A move by financial services giant Sagicor to relocate its headquarters from Barbados because of the country’s declining sovereign rating spells “disaster” for this island.
That assessment from former prime minister and trained economist Owen Arthur, as Sagicor Financial Corporation’s Group President Dodridge Miller confirmed the company’s board agreed to move its country of domicile, possibly by the end of this year.
Standard & Poor’s (S&P) lowered Barbados’ sovereign rating to “B” from “BB-” on December 19, and 11 days later the ratings agency downgraded Sagicor Life’s rating from “BB+”, to “BB-” and Sagicor Finance Ltd’s US$150 million 10-year senior unsecured note to “B” because “ratings on life insurers are capped at two notches above the sovereign rating of the country of domicile”.
S&P had also informed Sagicor that its rating could be upgraded if it completed plans to relocate to a country with at least investment grade ratings, strong regulations and adequate access to funding.
Miller told the Business Guardian newspaper in Trinidad and Tobago that the move from Barbados had already been given the board’s nod.
“The board has agreed on a recommendation from the management that Sagicor Financial Corporation has to re-domicile from Barbados to a jurisdiction that is rated investment grade or higher and where access to capital would be reasonably easy and flexible,” Miller said, noting that because of Barbados’ continuing downgrades and the possibility of similar future action, his company had been considering for some time whether it was strategic, in the long-term, to remain in Barbados where the likelihood of it being upgraded in the short-term was “pretty remote”.
He noted that a special meeting of Sagicor’s shareholders must still be convened for a vote on the proposed move.
The top executive said that apart from Trinidad – where the majority of shareholders reside – other possible domiciles for relocation are the United States and London.
“As you know, we are listed on the Barbados Stock Exchange with secondary listings in London and Port-of-Spain. We have to evaluate where is the right place to re-domicile to, and when,” he said.
Arthur told Barbados TODAY that the move would hurt the country and he hoped it could be averted.
“This is the ultimate culmination of the country’s financial affairs being so run that the sovereign rating has been reduced to less than investment grade,” he said.
Arthur warned that other enterprises with headquarters in Barbados would have a difficulty continuing to function here if the country’s creditworthiness was not restored.
“The time is upon us for the Government to recognize that contrary to soundings from the Central Bank and others, that ratings matter and that everything that is necessary to restore the credit rating of this country has to be a priority, and it has to be pursued in a coherent, cohesive and successful manner,” said the former minister of finance.
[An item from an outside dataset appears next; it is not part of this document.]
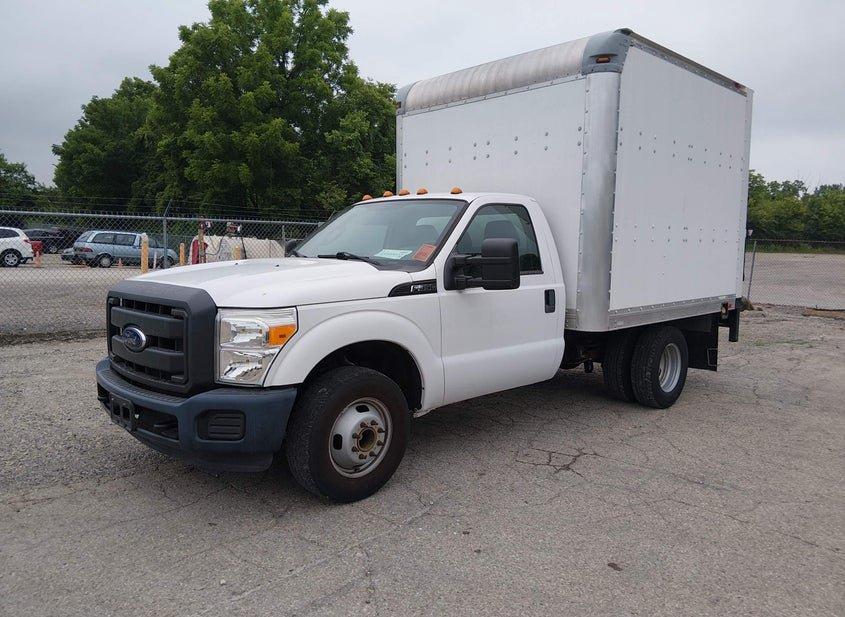 Ford F-350 Chassis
Lamenting the current state of affairs, he said he saw Sagicor as the representation on the global stage of what an enterprise of Barbadian origin can and should be.
The independent MP for St Peter and former Opposition Leader said he hoped that this latest development would force Government to recognize that the management of fiscal deficits was at the core of economic management of a country with a fixed exchange rate.
“I remember having been invited as Prime Minister to the launch of Sagicor on the London Stock Exchange . . . and with all Barbadians and members of Sagicor, I was soaring on the wings of pride. So to now move Sagicor’s headquarters is a disaster and I hope it is something that could be averted,” Arthur said.
Sagicor has been headquartered in Barbados for 175 years.
The company had acquired the top S&P benchmark rating of “BBB” in 2006, when the Barbados Government was then ranked as an investment grade sovereign state at “BBB+”.